There could be no more challenging teaching assignment in the United States than the positions currently open in the New Orleans public school district. 

Working in schools destroyed first by poverty and then Katrina, teachers struggle with increasing class sizes, small budgets, high dropout rates and state control. Neighborhoods and housing markets are just beginning to rebuild, posing additional challenges for districts seeking qualified candidates for their classrooms.      

That’s why I was surprised by the recruitment strategies described in a recent article found in Raleigh’s News and Observer.
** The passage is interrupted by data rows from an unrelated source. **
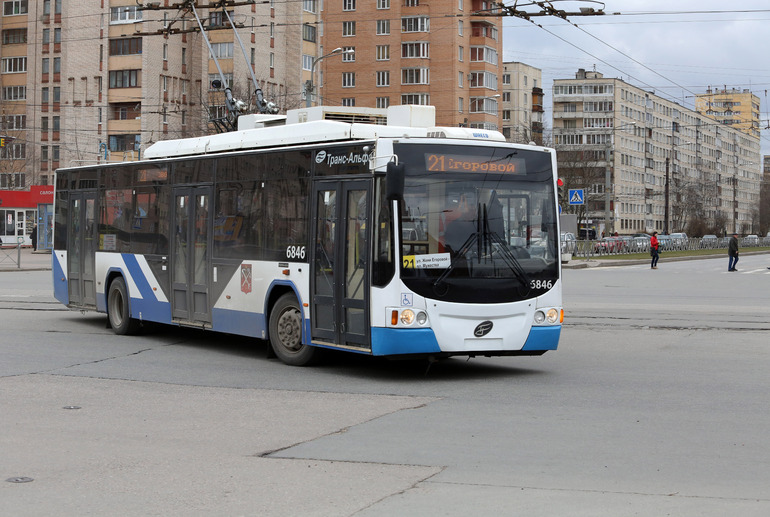 Водитель троллейбуса и автомобилист окажутся в суде Петербурга после ДТП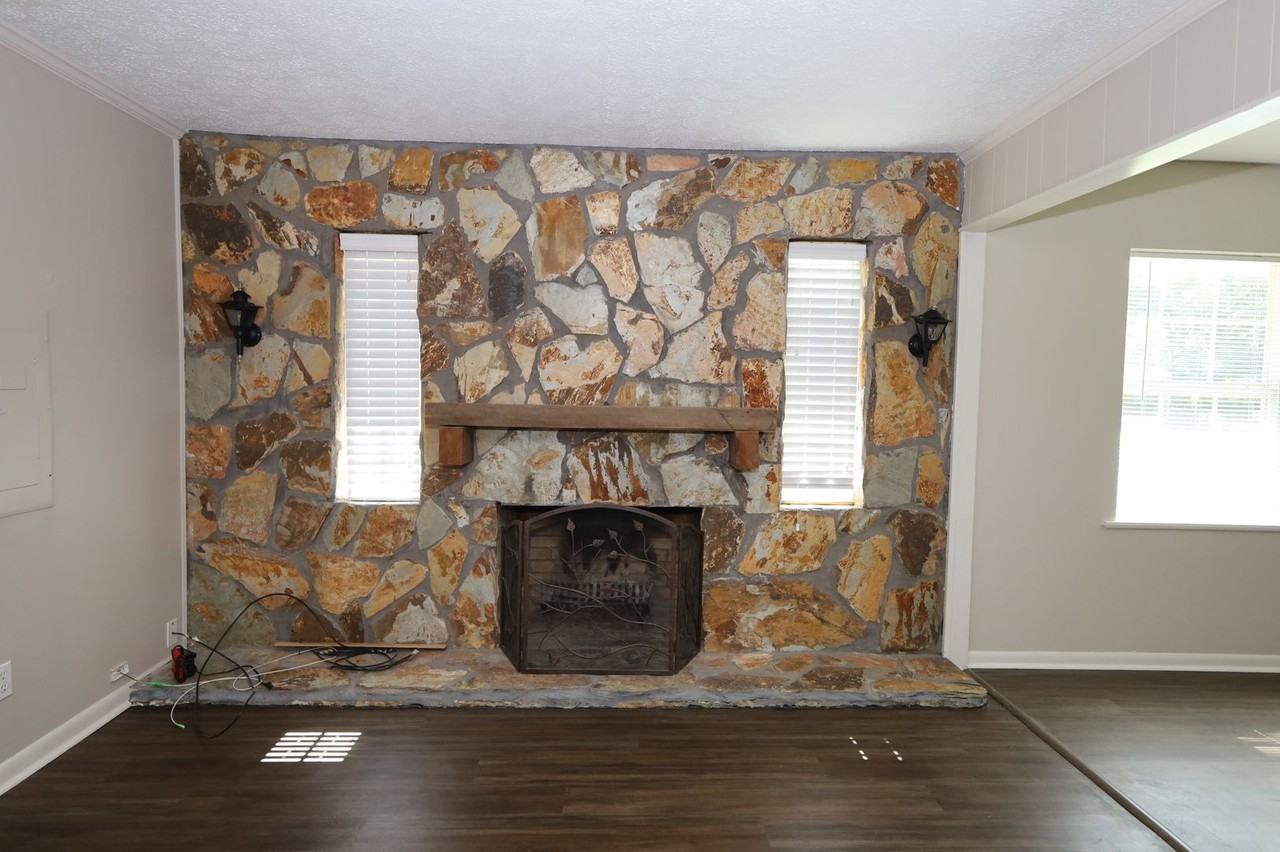307 E Stanfill St - Photo 4 of 15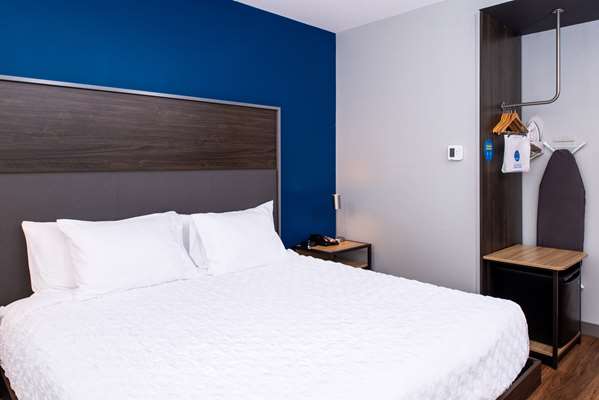  - Tru by Hilton Elkhart - I-80 & I-90, Exit 92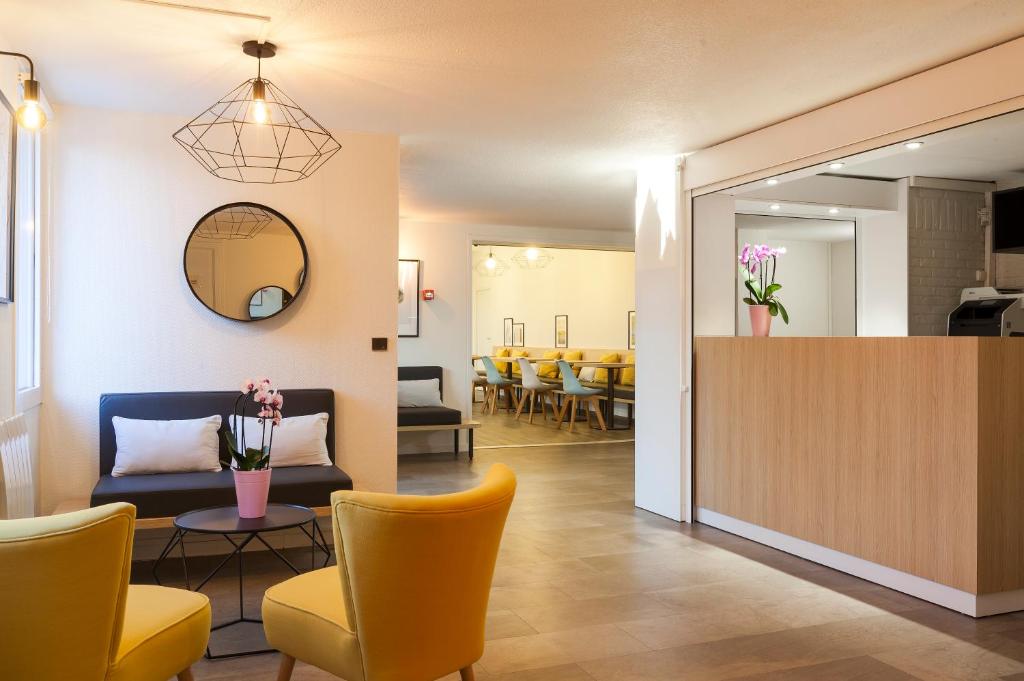 Comfort Hotel Amiens Nord photo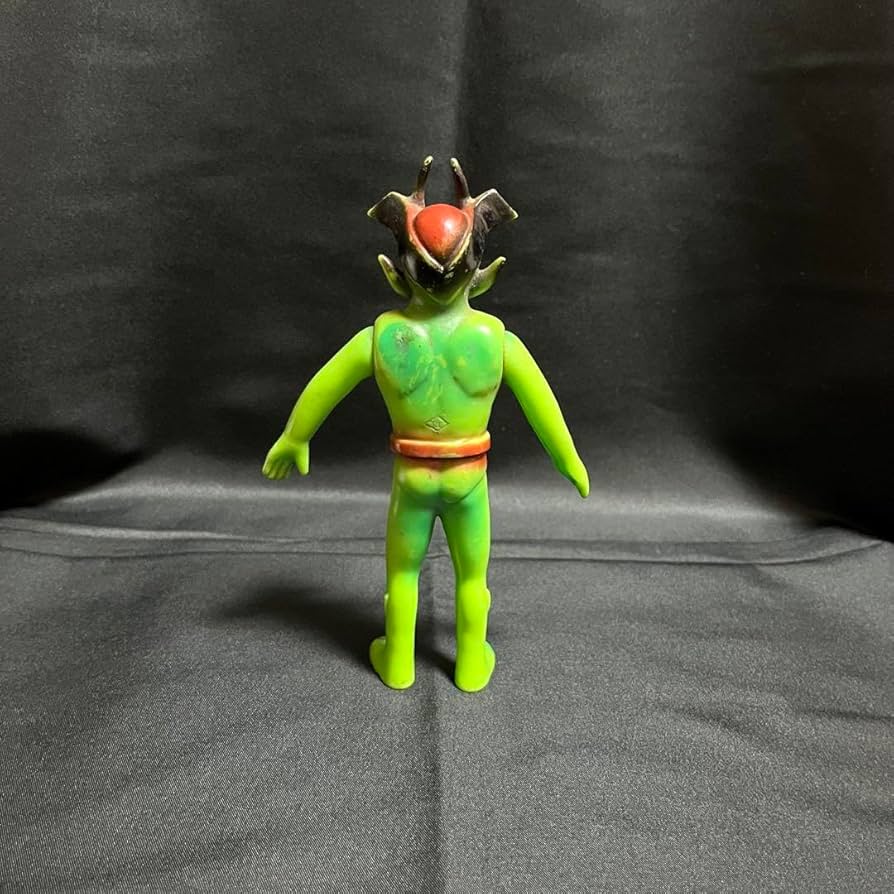 Amazon.co.jp: 当時物 タカトク デビルマン ソフビ : おもちゃ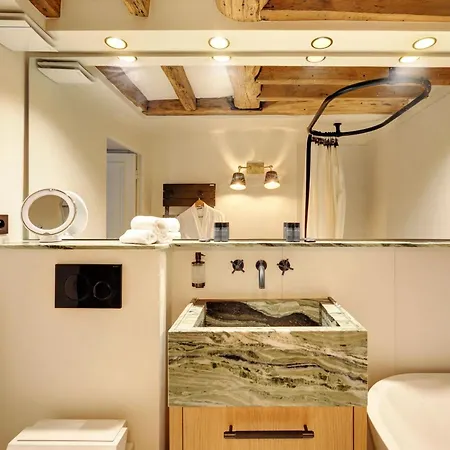 Ultra Luxe Et Confort Au Coeur Des Champs-elysees * Париж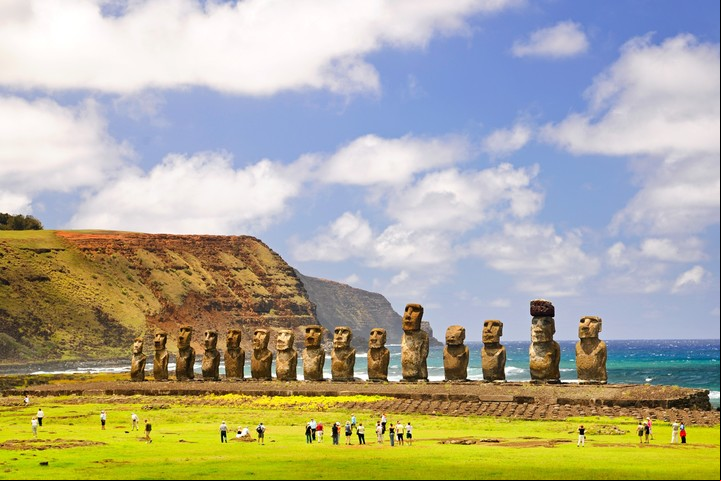 El ahu Tongariki, con 15 moai, es el mayor de los centros ceremoniales. Foto Shutterstock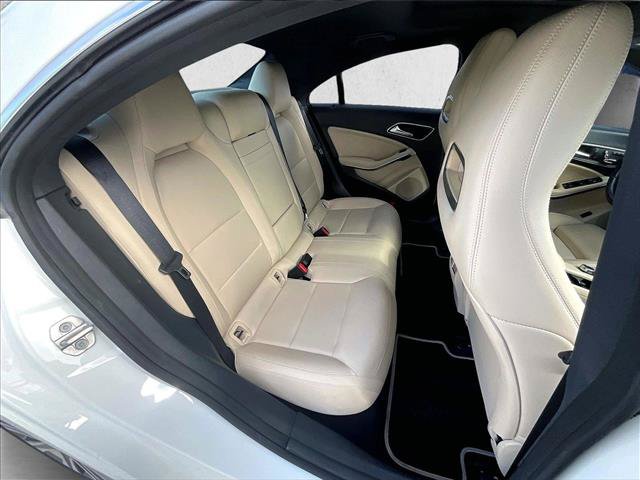Used 2018 Mercedes-Benz CLA 250 image 27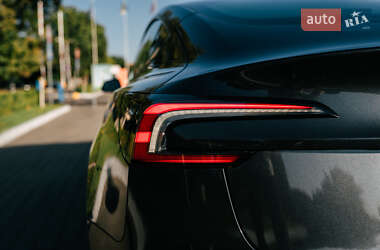 Седан Tesla Model 3 2024 в 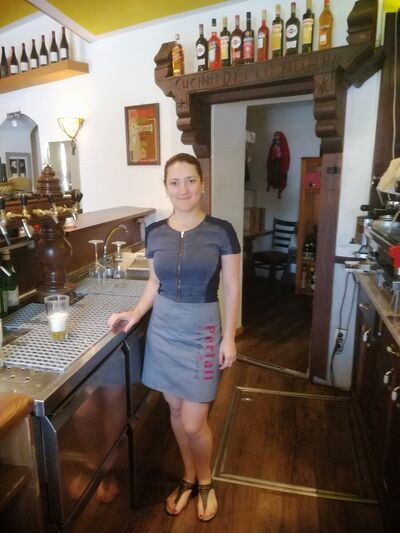  ,   Victoria, 43 ,   ,   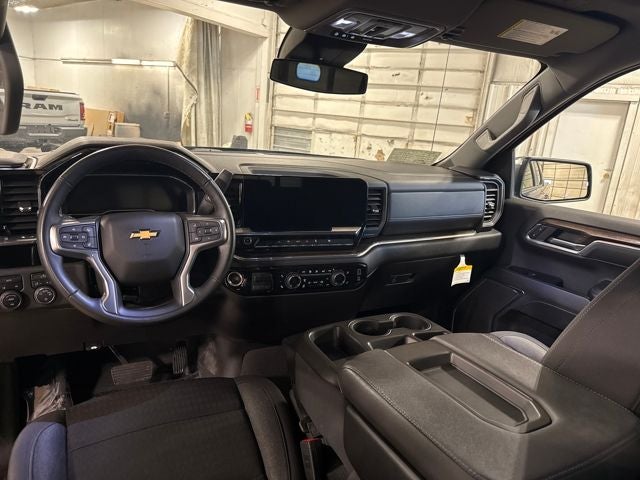 2024 Chevrolet Silverado 1500 4WD Double Cab Standard Bed LT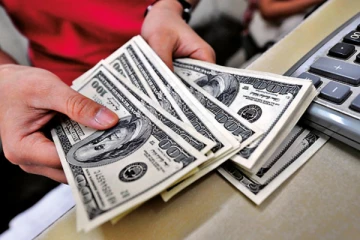 අද ඩොලරයේ වටිනාකමට සිදු වූ දේ මෙන්න..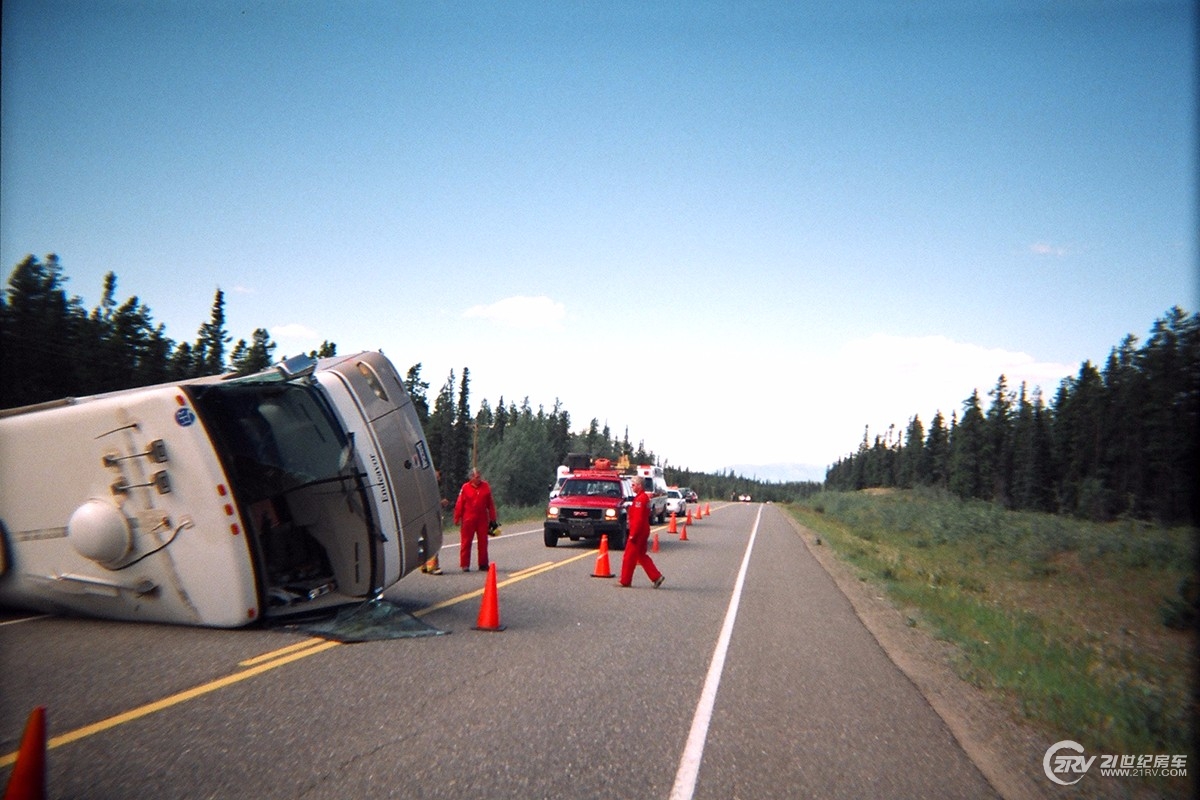 motorhome-rollover-accident.jpg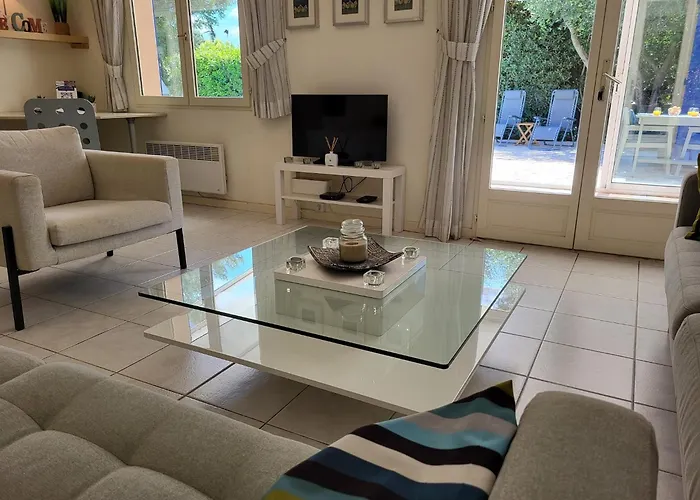 Villa In Saint-couat With Private Pool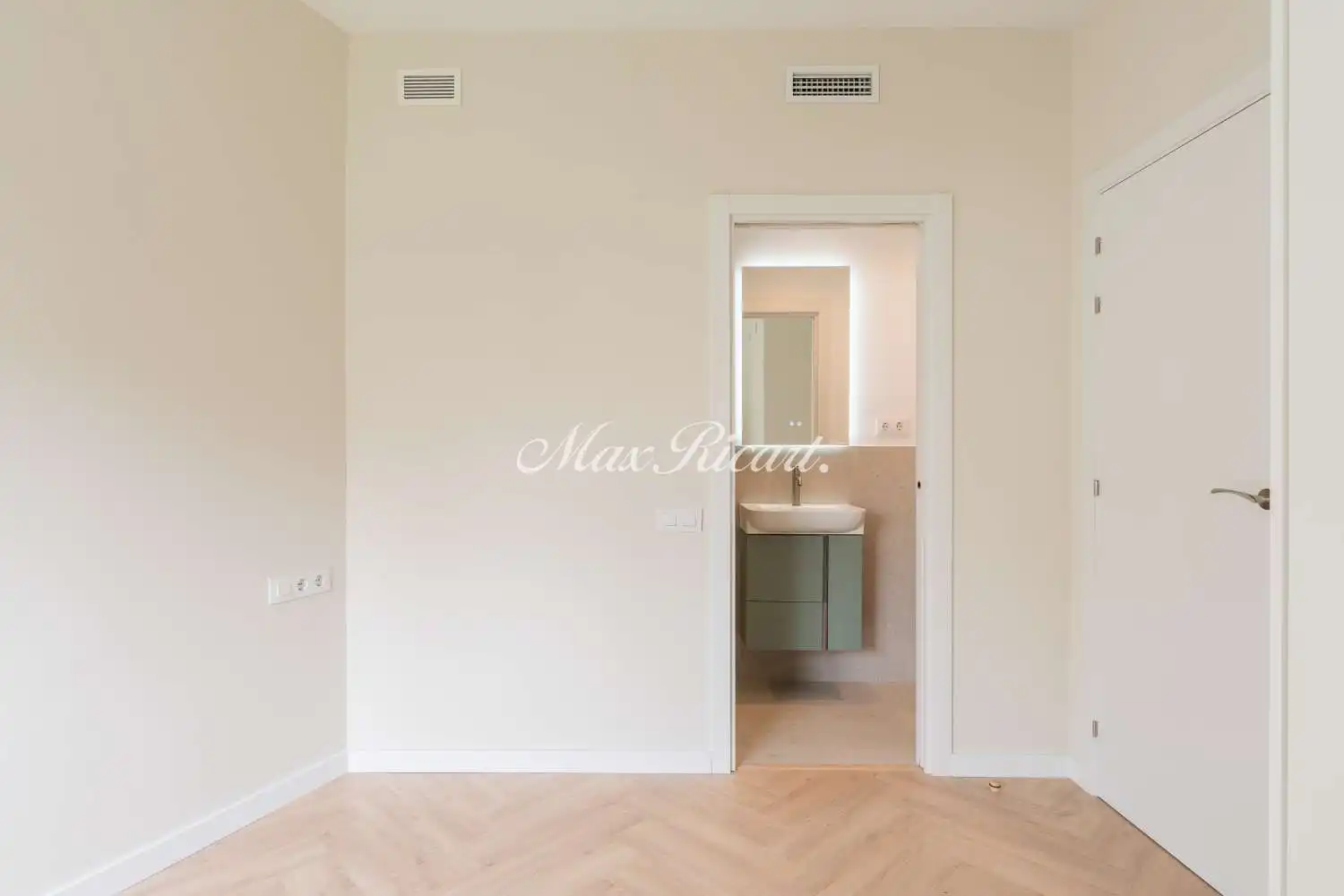 Piso en venta en Barcelona con Aire acondicionado y Calefacción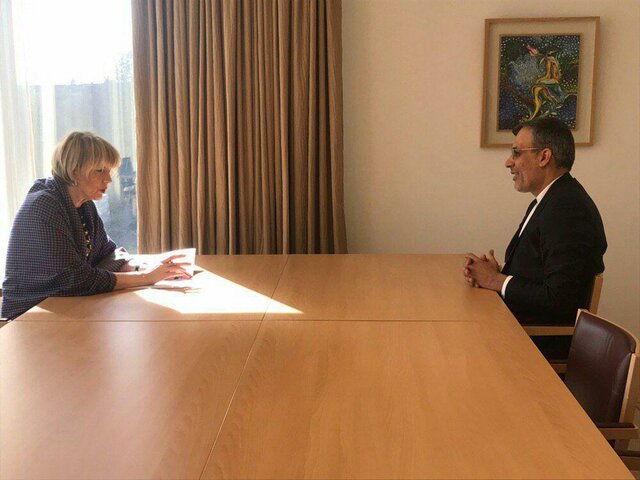 دیدار دستیار ارشد وزیر امور خارجه با هلگا اشمید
It seems that appealing to the altruism of educators tops the list.  "There’s been an incredible outpouring of sympathy toward New Orleans. We feel we’re trying to say, ‘Here’s a clear path to go down if you want to act on that emotion’," writes Matthew Candler of a nonprofit recruitment agency called New Schools for New Orleans.

The article goes on to describe a recruiting campaign reaching out to teachers online: "In hopes of finding at least 150 new teachers for the state-run district in the 2007-08 school year, when more schools are expected to open, education officials are trying to recruit candidates at job fairs, on the Web or through newspaper ads that show the raised hands of students and read plaintively, "We need you … so do they."   

While dozens of noble educators will feel the call to help to rebuild the New Orleans public school system and join those already working to reach the children who need them the most, I worry about the long-term viability of policies that rely simply on the kindheartedness of teachers to staff classrooms in high needs neighborhoods. In reality, the challenge of staffing schools of great need is a complex issue that has no simple answers.

My first thought is that we should focus on improving the working conditions in struggling schools, making them places where accomplished teachers want to work. Like any professional, accomplished teachers seek settings where they can be successful. They quickly recognize situations that will support their growth and continued development—and those where challenges are overwhelming and burnout is likely. It’s not a matter of "avoiding" tough situations. It is a practicality driven by experience. 

Instead of designing emotionally loaded advertising campaigns, let’s restructure high needs schools in meaningful ways. What would it take to recruit you to one of the openings available in New Orleans? 

List your top three requirements in my comments section, and we’ll compile a collection of ideas that can drive long term conversations about high needs buildings. 

One thought on “Altruistic Recruiting?

  1. John H.

    Hi Bill,
    I would not take that position because I have roots. IF I was looking it would take, 1 double my salary,
    2, A strong principal that listens to teachers.
    3, A signing bonus.
    But, here is why I really posted:
    “While dozens of noble educators will feel the call to help to rebuild the New Orleans public school system and join those already working to reach the children who need them the most, I worry about the long-term viability of policies that rely simply on the kindheartedness of teachers to staff classrooms in high needs neighborhoods. In reality, the challenge of staffing schools of great need is a complex issue that has no simple answers.”
    I am worried because I am currently a supervisor for a student teacher that seems to be in education for just this reason.
    I keep tip toeing around the issue but, she keeps talking about the sympathy she feels for the students in our school and I keep wondering if that sympathy is getting in the way of her expectations.